我々人間に害を及ぼさなければさほど注目されないので、あたらにやってきた生物(侵入生物=外来種や渡来生物)が注目されるのは仕方がないことだが、何ら悪さをしない生物も多数いることは事実のようだし、全ての外来種が国内に定着するわけでもないようだ。また、寿命の短い生物は進化・淘汰のサイクルも速いので、比較的に早く侵入生物も含めて自然環境の一部となる。そうなると、その侵入生物を取り除くことによる影響も出てくるし、まして、植物や小型の動物を完全に駆除する方法はほぼないので、投入する資金と得られる効果を比べると、全く割に合わないことがすぐわかる。本書にはそんな例が多数収録されている。

本書にはヒアリの説明としてレイチェル・カーソンの「沈黙の春」を以下のように引用している。

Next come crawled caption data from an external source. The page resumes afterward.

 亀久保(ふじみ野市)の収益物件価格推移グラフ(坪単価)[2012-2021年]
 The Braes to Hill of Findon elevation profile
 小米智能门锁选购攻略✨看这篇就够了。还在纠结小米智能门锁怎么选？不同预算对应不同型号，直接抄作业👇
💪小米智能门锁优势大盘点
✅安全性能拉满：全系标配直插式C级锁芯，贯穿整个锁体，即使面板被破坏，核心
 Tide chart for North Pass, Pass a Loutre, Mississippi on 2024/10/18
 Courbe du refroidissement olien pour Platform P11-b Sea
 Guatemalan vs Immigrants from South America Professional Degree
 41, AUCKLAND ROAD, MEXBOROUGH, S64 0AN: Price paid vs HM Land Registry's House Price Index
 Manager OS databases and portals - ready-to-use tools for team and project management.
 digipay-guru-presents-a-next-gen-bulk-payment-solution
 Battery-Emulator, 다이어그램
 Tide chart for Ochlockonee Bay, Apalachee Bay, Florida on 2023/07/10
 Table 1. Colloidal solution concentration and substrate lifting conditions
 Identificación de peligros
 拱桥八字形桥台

アメリカ合衆国にやってきてから40年あまり、その間ヒアリはほとんど注目されなかった。発生件数が多い方の州では迷惑がられていたが、それというのもヒアリが、1フィートは優に超える塚のような大きな巣をつくるからだった。農作業の機械を運転する邪魔になるのだ。それでも、最も注意が必要な害虫の20種に数えていた州はたったの二か所で、その2州でも順位は下の方だった。役所でも住民の間でも、ヒアリが農作物や家畜に害をなすという懸念はなかったようだ。

幅広い対象を死に至らしめる力を備えた化学薬品が登場すると、ヒアリに対する政府の姿勢は急転換した。1957年、アメリカ合衆国農務省は省が誕生して以来の一大広報キャンペーンをぶち上げた。ヒアリはある日突然、集中砲火のような政府広報、映画、政府後援のニュース記事の標的になった。南部の農業を破壊し、鳥や家畜、あまつさえ人間の命までをも奪う張本人に仕立て上げられたのだ。大々的な撲滅計画が発表され、連邦政府は被害のある各州と協力し、南部の九つの州で、最終的には2000万エーカーに及ぶ範囲が防除されることになった。

我々は当然ではあるが、外来種を増やすような行為をすべきではないが、何らかの理由で入ってきてしまった侵入生物に対しては冷静な対応が必要だ。二つの出来事が起きたときに、前者が後者の原因で、後者が前者の結果であると思い込みやすいが、二つの出来事は全く無関係なことも多々ある。ある生物の個体数が減少している原因を安易に外来種に求めることは十分な検証をしてからにしなければならない。

さて、原題の「Where Do Camels Belong?」だが、我々はラクダの現在の生息地が中東とか中央アジアなので、そのあたり発祥の動物だと思うだろう。ところが、ラクダは4000万年前北アメリカで進化した。その後ラクダは南アメリカに進出し、氷河期には凍っていたベーリング海峡を渡ってアジアへも渡った。北アメリカのラクダが絶滅したのは8000年ぐらい前のことだ。アジアに渡った子孫が北アフリカと南西アジアヒトコブラクダ、それと中央アジアフタコブラクダであり、南アメリカ系の子孫がリャマ、アルパカ、グアナコ、ビクーニャだ。ラクダの移動に人間がかかわっていたのかどうかわからないが、生物というのは一つの所にとどまらず、もともと移動しているものなのだ。